ApacheHudi Frequently Asked Questions Summary

Welcome to public concern number: ApacheHudi

1. ApacheHudi when useful for individuals and organizations

If you want to quickly extract data into HDFS or cloud storage, Hudi can help. In addition, if your ETL / hive / spark job very slow or resource-intensive, it can Hudi reader and method of writing data to help by providing an increment.

As an organization, Hudi can help you build efficient data lake, solve some of the most complex issues underlying storage management, while the data to the faster data analysts, engineers and scientists.

2. Hudi not going to reach the goal

Hudi not the case for any OLTP designed, in these cases, usually you are using an existing NoSQL / RDBMS data storage. Hudi can not replace your memory analytical database (at least not yet!). Hudi support the achievement of near real-time ingestion in a few minutes, so the trade-off delayed for efficient batch processing. If you really want to sub - minute processing delays, please use your favorite stream processing solutions.

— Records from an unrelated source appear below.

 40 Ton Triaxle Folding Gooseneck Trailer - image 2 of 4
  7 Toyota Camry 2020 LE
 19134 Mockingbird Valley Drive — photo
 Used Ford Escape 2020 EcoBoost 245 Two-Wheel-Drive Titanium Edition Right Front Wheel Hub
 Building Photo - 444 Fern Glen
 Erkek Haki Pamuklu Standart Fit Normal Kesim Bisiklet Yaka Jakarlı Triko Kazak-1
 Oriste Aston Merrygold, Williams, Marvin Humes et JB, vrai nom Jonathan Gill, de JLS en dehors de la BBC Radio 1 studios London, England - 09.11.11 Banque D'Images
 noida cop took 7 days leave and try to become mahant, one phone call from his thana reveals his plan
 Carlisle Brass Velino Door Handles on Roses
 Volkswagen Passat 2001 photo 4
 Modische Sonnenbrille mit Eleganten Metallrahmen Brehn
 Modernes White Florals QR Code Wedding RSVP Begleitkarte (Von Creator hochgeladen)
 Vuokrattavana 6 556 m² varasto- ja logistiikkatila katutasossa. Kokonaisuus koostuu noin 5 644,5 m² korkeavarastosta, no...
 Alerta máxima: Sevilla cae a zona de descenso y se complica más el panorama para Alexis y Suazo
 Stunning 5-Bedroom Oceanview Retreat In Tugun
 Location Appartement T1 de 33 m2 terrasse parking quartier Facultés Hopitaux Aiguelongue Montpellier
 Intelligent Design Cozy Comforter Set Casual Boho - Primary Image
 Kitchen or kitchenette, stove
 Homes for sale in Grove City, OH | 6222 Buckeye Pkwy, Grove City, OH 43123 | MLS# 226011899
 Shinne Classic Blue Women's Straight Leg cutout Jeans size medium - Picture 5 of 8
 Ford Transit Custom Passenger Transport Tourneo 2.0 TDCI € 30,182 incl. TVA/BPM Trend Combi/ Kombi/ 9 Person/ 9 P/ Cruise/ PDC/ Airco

3. What is an incremental process? Why Hudi been talking about it

Incremental processing by Vinoth Chandar first introduced in O'reilly blog, the blog explained most of the work. In purely technical terms, it refers only to incremental processing flow mini-batch process approach to the preparation process. A typical batch jobs every few hours will consume all inputs and recalculate all outputs. A typical continuous stream processing jobs / every few seconds, a number of new consumer input and recalculate new / changed to output. Although in batch mode to recalculate all of the output may be more simple, but very wasteful and expensive resource-consuming. Hudi has the ability to stream to write the same batch pipeline, run once every few minutes.

Although it can be called stream processing, but we prefer to call it an incremental process, as distinct from the use of Apache Flink, Apache Apex or Apache Kafka Streams built pure stream processing pipeline.

4. Copy (COW) merged with read-write (MOR) What is the difference between the storage type

Copy-on-write (Copy On Write): This type of storage enables clients to ingest data in columnar format (currently parquet). When using COW storage type, any new data written Hudi data sets are written to a new parquet file. Update existing rows will lead to rewrite the entire file parquet (parquet These files contain the affected row to be updated). Therefore, all written for such datasets are restricted parquet write performance, the greater the parquet file, the longer it takes to ingest data.

The combined read (Merge On Read): This type of memory allows clients to quickly uptake based on the data line (e.g. Avro) data format. When using storage type MOR, any new data written Hudi datasets are written to the new log / delta files that data internally avro encoding. Compression (Compaction) processes (configured as an embedded or asynchronous) to convert the file format of the log file format for a column of formula (parquet).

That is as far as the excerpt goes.